REQUIRED WORK: Restrict the output to the lines below starting at the one that contains "CURREN-Watches-Men's Distinguished,Luxury Watch" and ending at the one that contains "16 Color Remote", and restate them word for word, both ends included.

Saved entries
====

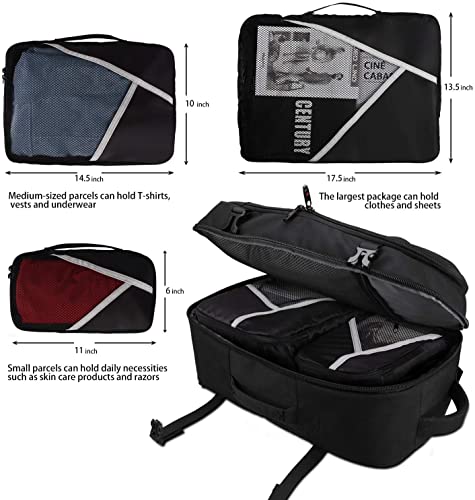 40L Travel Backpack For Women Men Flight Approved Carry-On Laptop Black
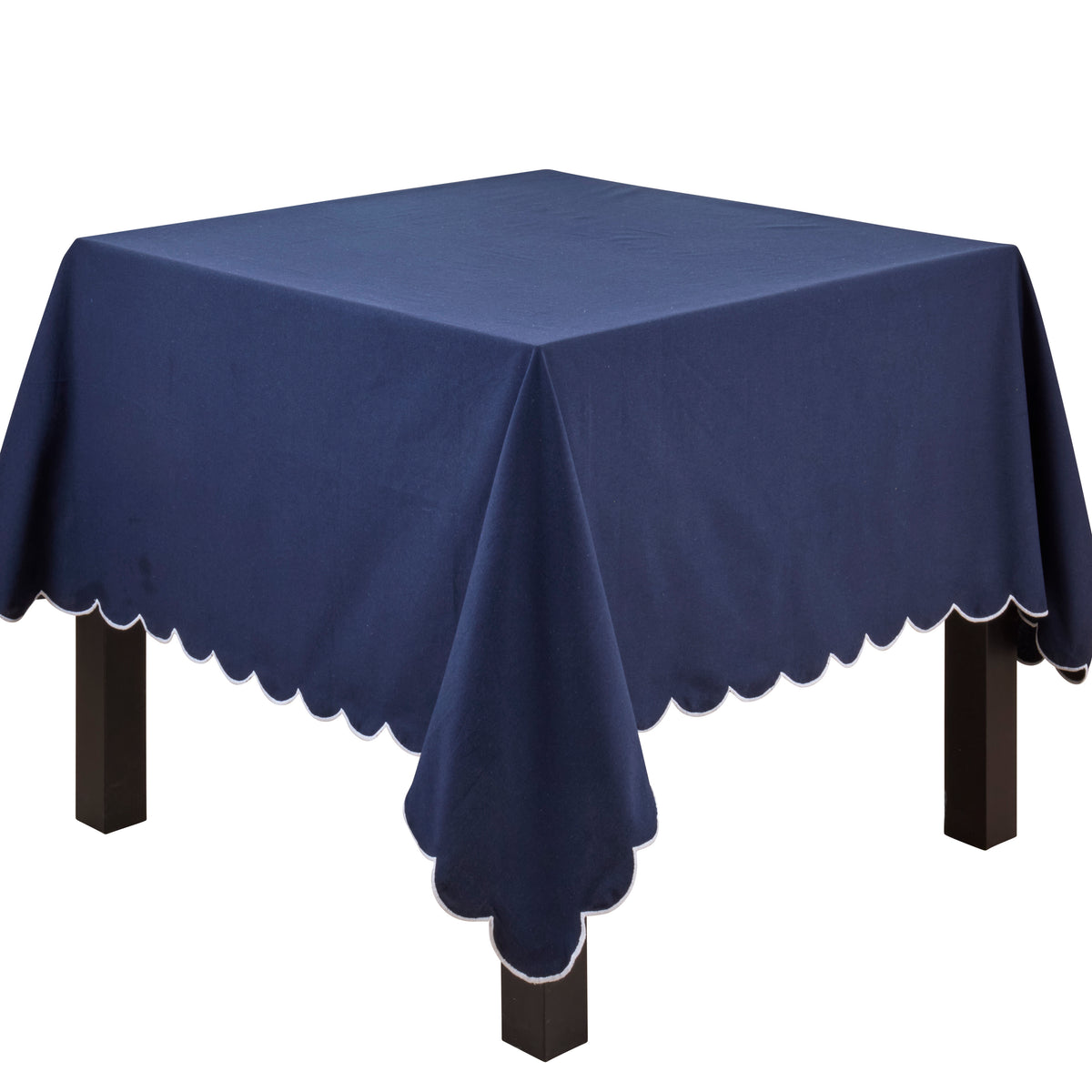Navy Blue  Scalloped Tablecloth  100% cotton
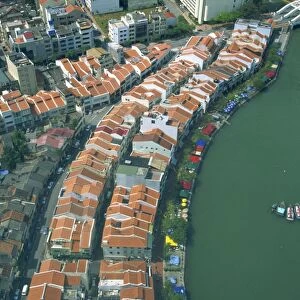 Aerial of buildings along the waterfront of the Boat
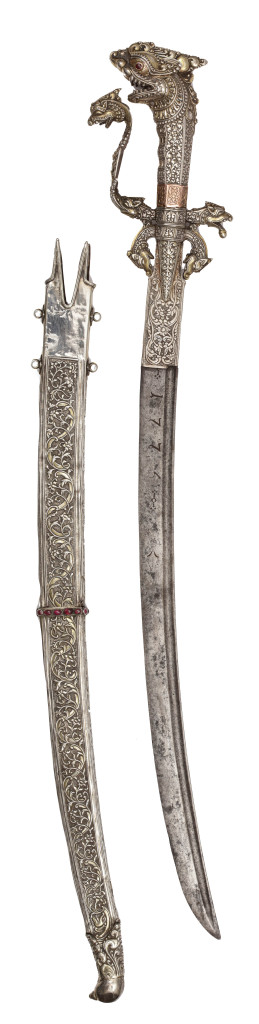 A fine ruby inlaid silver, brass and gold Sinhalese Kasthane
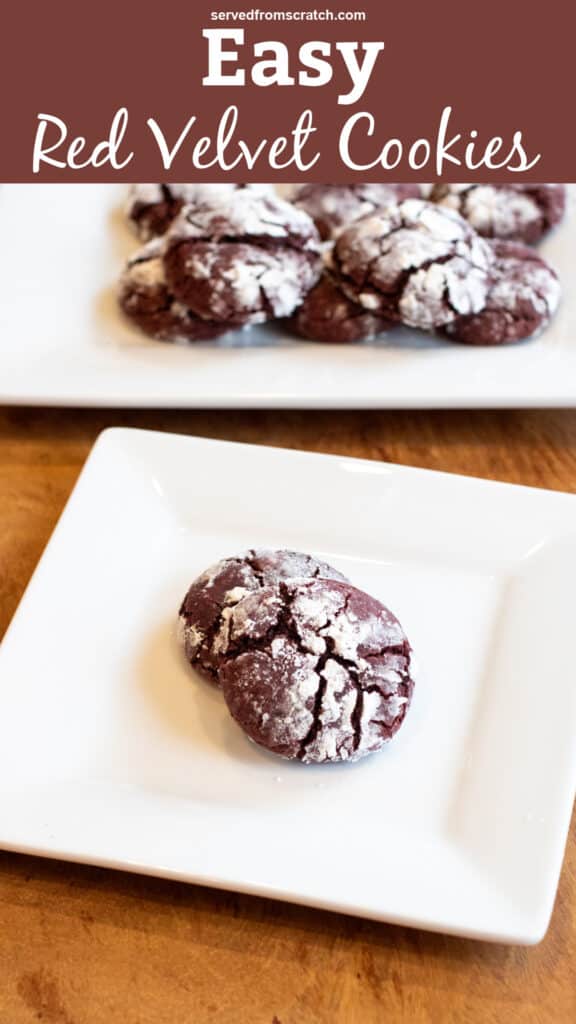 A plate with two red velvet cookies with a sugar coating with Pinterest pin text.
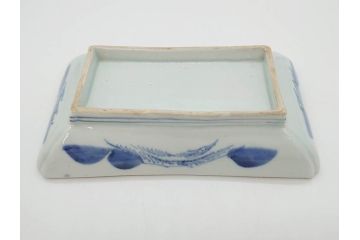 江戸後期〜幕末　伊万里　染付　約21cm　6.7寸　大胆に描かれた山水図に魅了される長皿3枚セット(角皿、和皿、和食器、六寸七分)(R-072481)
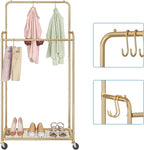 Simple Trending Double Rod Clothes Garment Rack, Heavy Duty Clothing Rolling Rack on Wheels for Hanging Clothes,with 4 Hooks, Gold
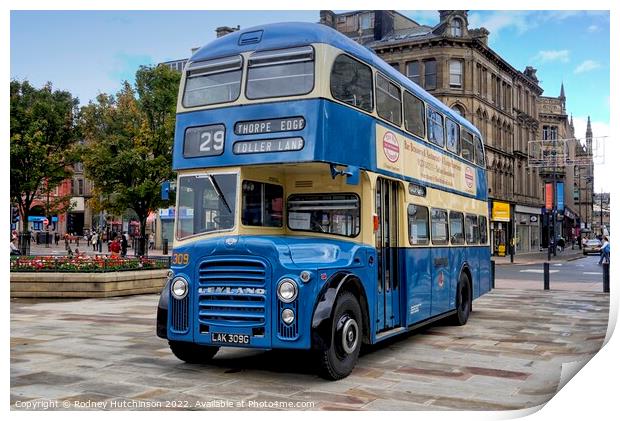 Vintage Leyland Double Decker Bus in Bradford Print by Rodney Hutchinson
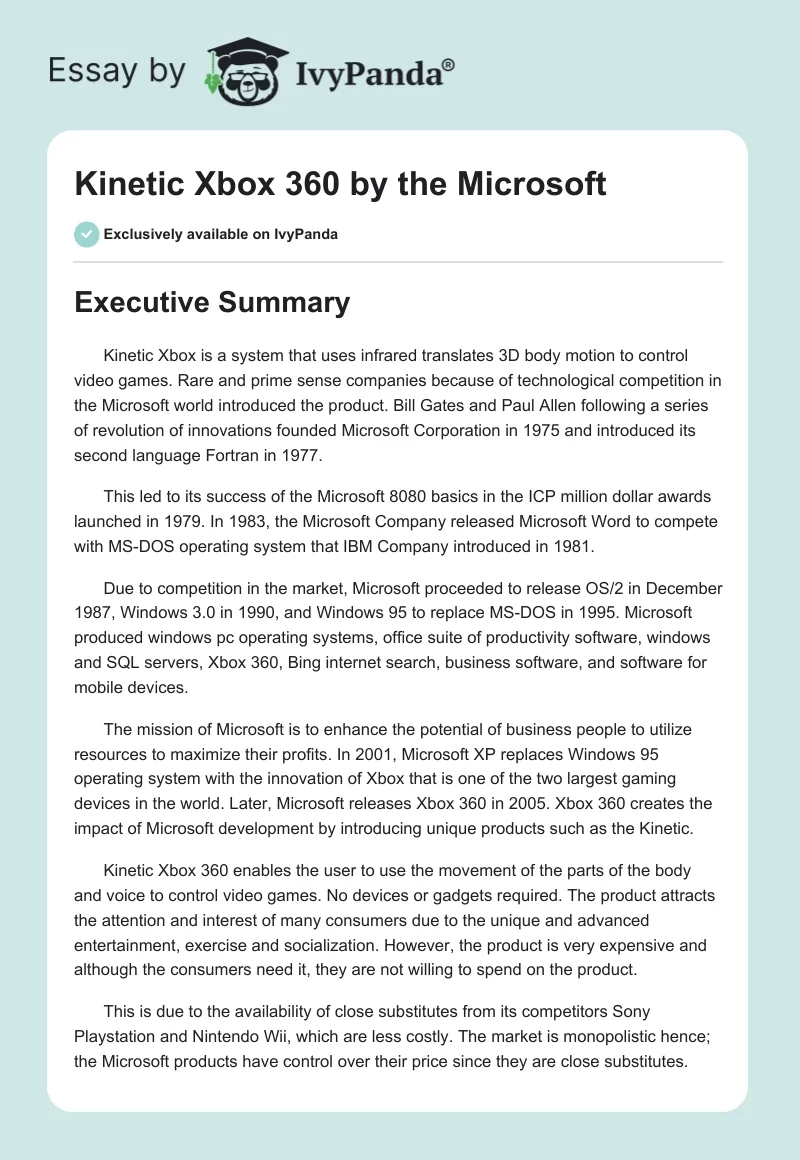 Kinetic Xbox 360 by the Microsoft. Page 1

====

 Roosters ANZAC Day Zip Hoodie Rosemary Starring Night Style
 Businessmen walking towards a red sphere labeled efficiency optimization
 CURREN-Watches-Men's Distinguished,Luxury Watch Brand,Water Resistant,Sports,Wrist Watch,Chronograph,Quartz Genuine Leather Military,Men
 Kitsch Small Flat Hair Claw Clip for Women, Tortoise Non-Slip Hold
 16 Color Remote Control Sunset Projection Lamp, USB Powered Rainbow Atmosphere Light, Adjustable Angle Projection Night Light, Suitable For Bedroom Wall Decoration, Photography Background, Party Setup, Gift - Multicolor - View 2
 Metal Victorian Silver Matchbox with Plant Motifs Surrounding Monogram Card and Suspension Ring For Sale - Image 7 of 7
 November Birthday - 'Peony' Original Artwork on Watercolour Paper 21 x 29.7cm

====

RESULT OF THIS EXERCISE:
 CURREN-Watches-Men's Distinguished,Luxury Watch Brand,Water Resistant,Sports,Wrist Watch,Chronograph,Quartz Genuine Leather Military,Men
 Kitsch Small Flat Hair Claw Clip for Women, Tortoise Non-Slip Hold
 16 Color Remote Control Sunset Projection Lamp, USB Powered Rainbow Atmosphere Light, Adjustable Angle Projection Night Light, Suitable For Bedroom Wall Decoration, Photography Background, Party Setup, Gift - Multicolor - View 2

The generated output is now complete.